Fundamento: La evaluación del proceso es condición imprescindible para medir correctamente el impacto de intervenciones educativas sobre las conductas, sus determinantes psicosociales y el estadio de cambio, en el marco de la promoción de la salud. El objetivo de este trabajo es evaluar la calidad de implementación del Programa FAPACAN, diseñado para prevenir el riesgo conductual de cáncer en Atención Primaria y para mejorar sus determinantes psicosociales en el Modelo A.S.E. y el estadio de cambio según Prochaska y DiClemente.

Métodos: Mediante visita al centro de salud y la cumplimentación de una lista de comprobación in situ y mediante una encuesta telefónica a los individuos que formaban la muestra, se midió la calidad de implementación. Se hallaron medidas de centralización y de asociación (coeficiente de Pearson y de Spearman). Se obtuvo un modelo de regresión múltiple con la puntuación obtenida por el entrevistado (rango de 0 a 8) y las covariables: género, edad, nivel de estudios, localidad e historia familiar de cáncer.

Resultados: Las puntuaciones de calidad obtenidas oscilan entre el 72% y el 81% de la calidad óptima. Se encontraron diferencias significativas debidas al administrador (mejor cuanto menos años de ejercicio) y a la persona encuestada (mejor cuanto mayor nivel de estudios).

Conclusiones: En conjunto, la calidad de implementación fue más que suficiente, a pesar de la escasa facilitación proporcionada por el sistema sanitario.

Palabras clave: Evaluación de proceso (Atención de Salud). Prevención Primaria. Neoplasmas. Educación en Salud. Atención Primaria de Salud. Promoción de la salud.

ABSTRACT

 Evaluation of the Implementation of the
FAPACÁN Programme to Prevent
Cancer Behavioural Risk in Primary
Care Users in the North of Spain

Background: The evaluation of the process is an essential condition to correctly measure the impact of educational interventions on behaviour, its psychosocial determinants and the state of change, in the context of health promotion.

The aim was to evaluate the quality of the implementation of the FAPACAN Programme, designed to prevent behavioural risk of cancer in Primary Care, and to improve its psychosocial determinants in the A.S.E. Model and the state of change according to Prochaska and DiClemente Theory.

Methods: The quality of implementation was measured by means of a visit to the health centre, by filling in a checklist 'in situ', and a phone survey with the patient.

Centralisation and association measures were found ( Pearson and Spearman's coefficient). A multiple regression model was obtained with the score made by the patient (range of 0 to 8) and the covariables: gender, age, level of education, locality and family history of cancer.

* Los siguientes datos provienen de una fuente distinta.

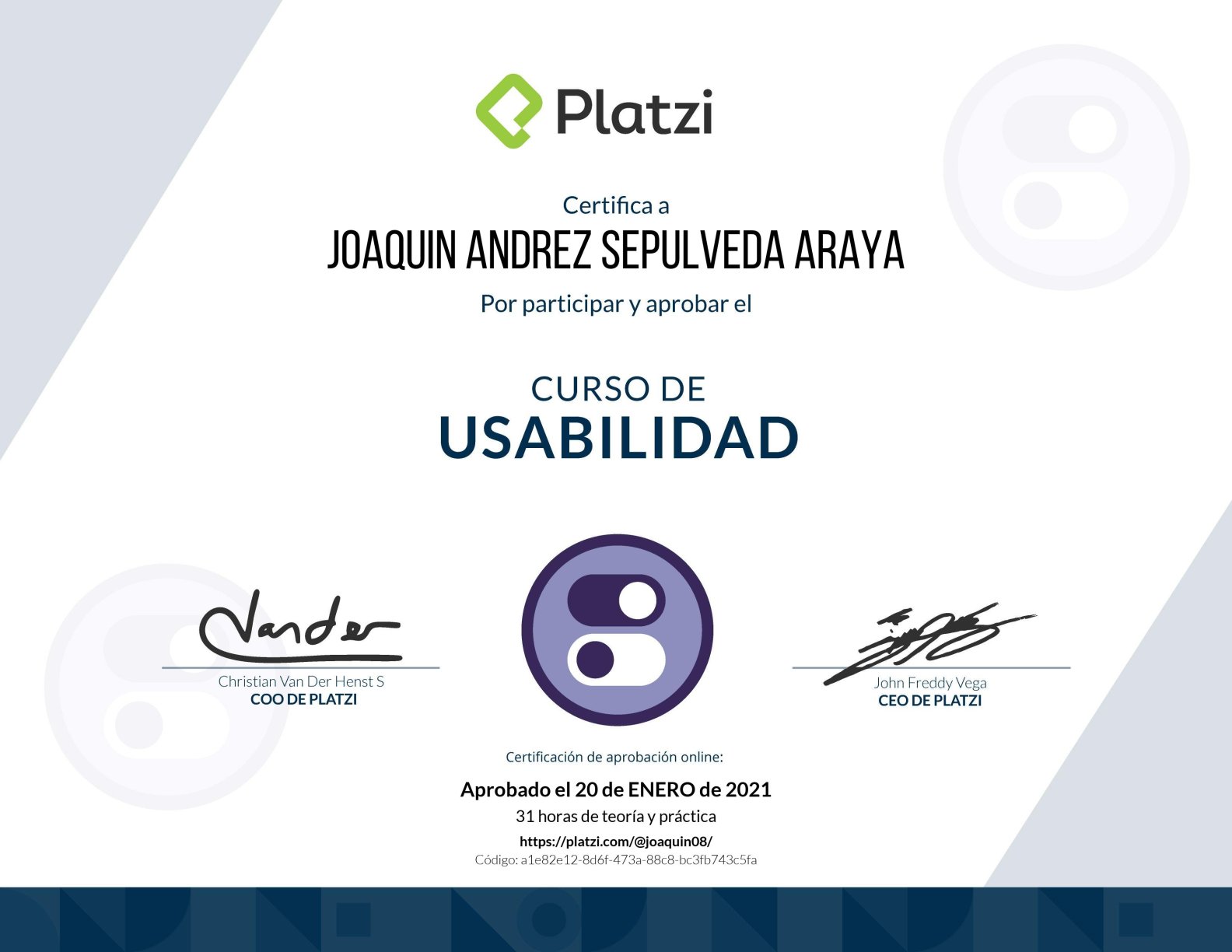 Usability certificate from Platzi Academy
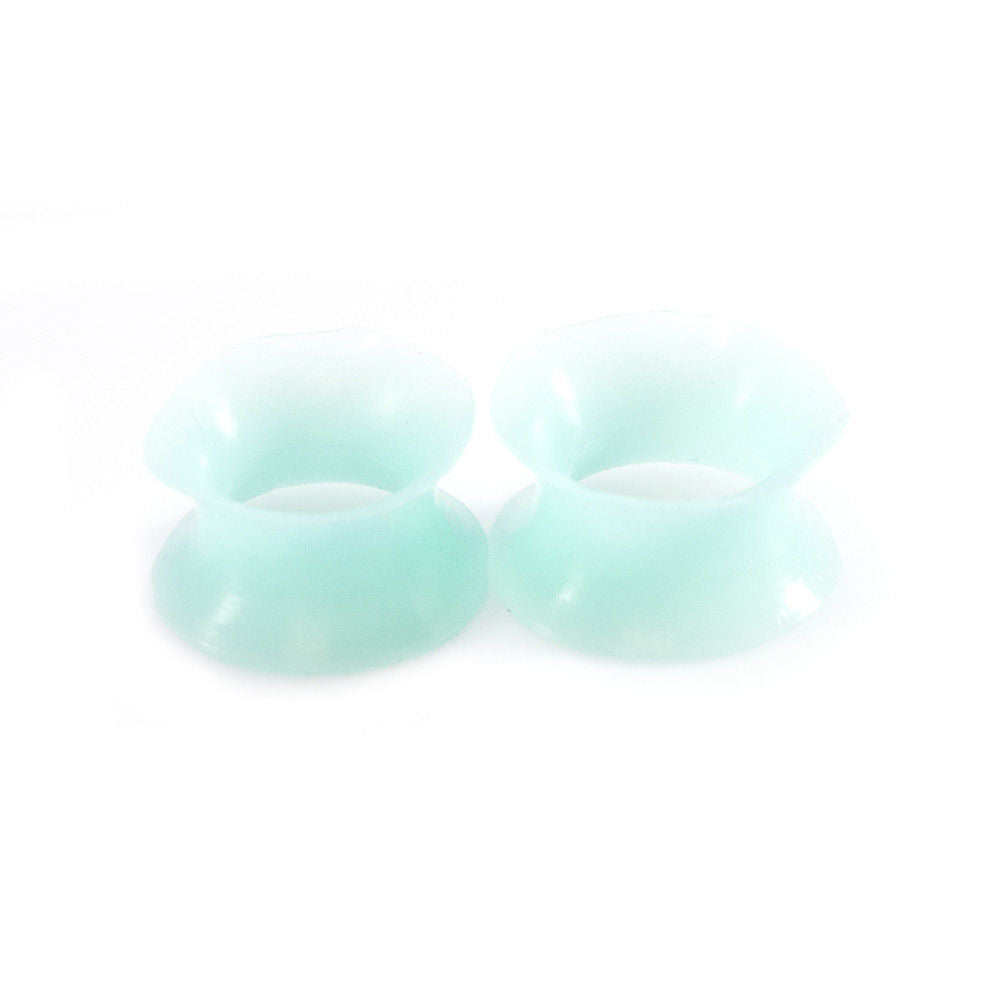 Ear Plugs /Tunnels Sold by Pair made of Aqua Soft Thin Silicone Glow in the dark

Results: The quality scores obtained oscillate between 72% and 81% of optimum quality. Significant differences were found owing to the administrator (better with fewer years of exercise) and the patient (better with higher level of study).

Conclusions: In general, the quality of implementation was more than sufficient, in spite of the poor provision by the health system.

Key words: Process Assessment (Health Care). Primary Prevention. Neoplasms. Health Education. Primary Health Care. Health Promotion.


 

 

INTRODUCCIÓN

La Ley 14/86 General de Sanidad, en su título 6 artículo 106.1, establece que las actividades de investigación habrán de ser fomentadas en todo el sistema sanitario, como elemento fundamental para el progreso del mismo y que la investigación en ciencias de la salud ha de contribuir a la promoción de la salud de la población. Dicha investigación, según la ley, deberá considerar la realidad socio-sanitaria, las causas y mecanismos que la determinan, los modos y medios de intervención preventiva, y la evaluación rigurosa de tales intervenciones1.

El Programa FAPACÁN (PrFAP) es una intervención educativa basada en el Código Europeo contra el Cáncer2 (CEC), en el Modelo ASE3-5 de determinantes de la conducta y en los estadios de Prochaska y Di Clemente6-8. Dicho programa trata de difundir los consejos de prevención primaria incluidos en el CEC, sobre tabaco, alcohol, alimentación, peso y protección solar y laboral. El modelo ASE permite hacer intervenciones educativas (IE) y evaluar no sólo las conductas problema que cita el CEC, sino también sus determinantes psicosociales, es decir, la actitud, la influencia social y la autoeficacia. La evaluación de los estadios de Prochaska y Di Clemente posibilita que la IE sea realizada «a medida» del estadio. El objetivo del PrFAP es disminuir las conductas de riesgo de cáncer o, al menos, conseguir mejorar los determinantes ASE y/o el estadio de cambio de dichas conductas, en los usuarios del centro de salud incluidos en el programa.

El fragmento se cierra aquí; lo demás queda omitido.